You’re not wrong. You can achieve the same results using modules well. It’s comm...

xyzzy123 · on Aug 4, 2023

Agree, it's a complicated conversation because the tools support many different ways of working - and most of them can be made to work with different tradeoffs.

A team that e.g owns its own microservice IaC can absolutely maintain a setup long term with app & db in the same state, it just requires care and love (it's easier in some ways, it just doesn't scale along certain dimensions).

Maybe you have other controls / factors that can make it work for you.

But my experience is that as you split things across more teams or have more complicated IaC "supply chains" (eg teams supplying modules to each other or have lots of ppl working on different bits of the same thing) you need to look at ways to make things more foolproof, easier to support and give yourself as much "wiggle room" as possible for upgrades.

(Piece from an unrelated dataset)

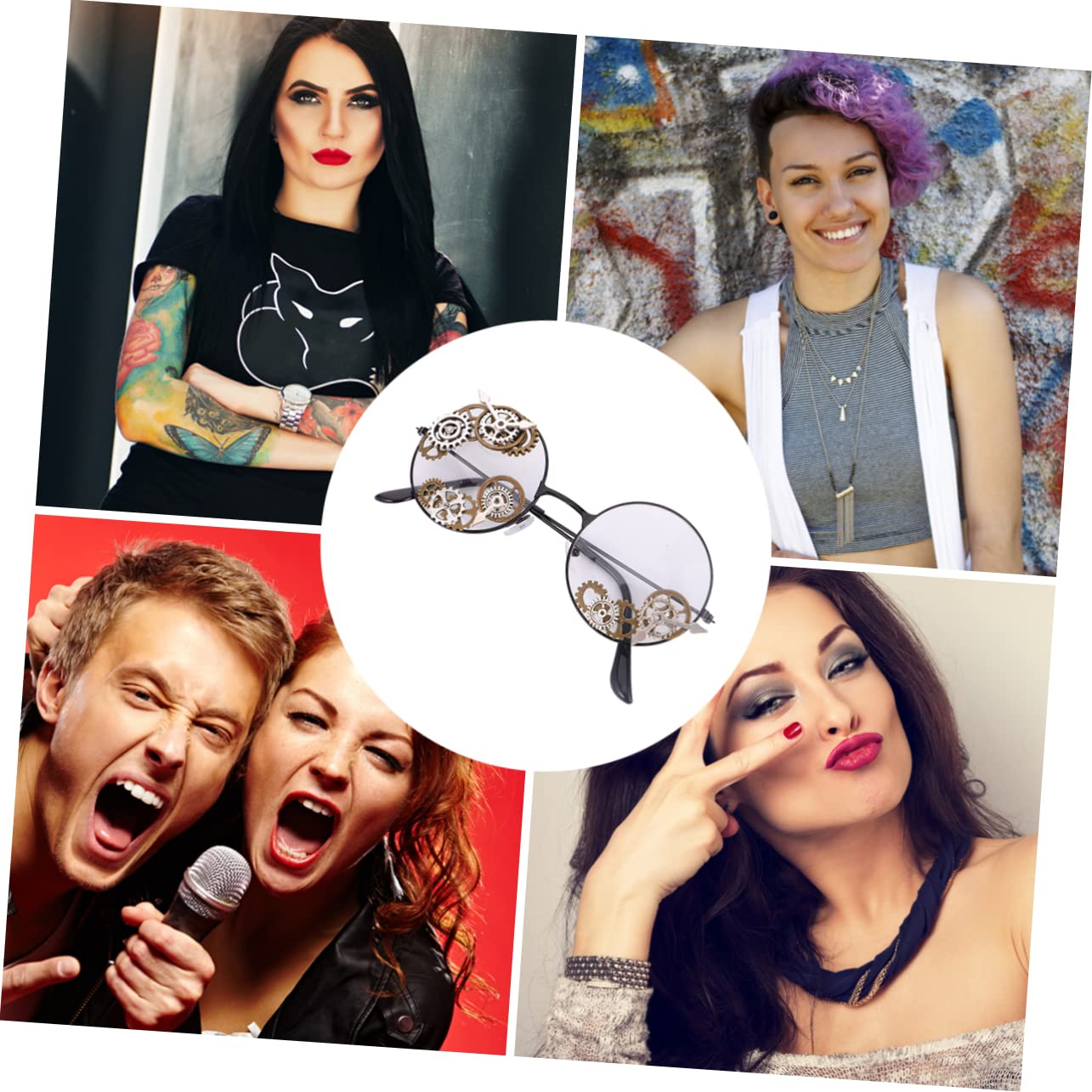 FOMIYES 1Pc Vintage Gothic Gear Decorative Glasses for Cosplay Halloween Parties and Photography Accessories Retro Rimmed Costume Eyewear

At this point having state split out is very helpful (almost essential).

Because the terminology seems to be tripping up the conversation I'd be inclined to phrase it like this: a single "terraform apply" should be touching a precious, stateful stack or a disposable stateless stack and these should be clearly delineated. Ideally the stateful stacks should be as small as possible, as much stuff as possible should be in the stateless stacks.

linuxdude314 · on Aug 5, 2023

The way I see it is we only want to use TF for setting up "base infrastructure". This is things like our VPC networks, cloud routers, firewall rules, and finally our Kubernetes clusters.

We still allow devs to use TF, but it's only for using cloud services they depend on, like say a SQL DB or something.

I think you and I are 100% on the same page, but I think the word state (in the way you are using it) is causing a bit of confusion at least for me. A terraform stack will always have state, that's the point. In addition to the current "tfstate" there is a set of parameters that must be used with w/e modules in order to arrive at the tfstate. That's the state that causes problems, not the tfstate so much at least in my experience, as these often are _not_ version controlled.

This is why it's critical to only allow terraform to be applied using automation. I mean don't make it a company policy, make it IAM policy so it's literally not possible.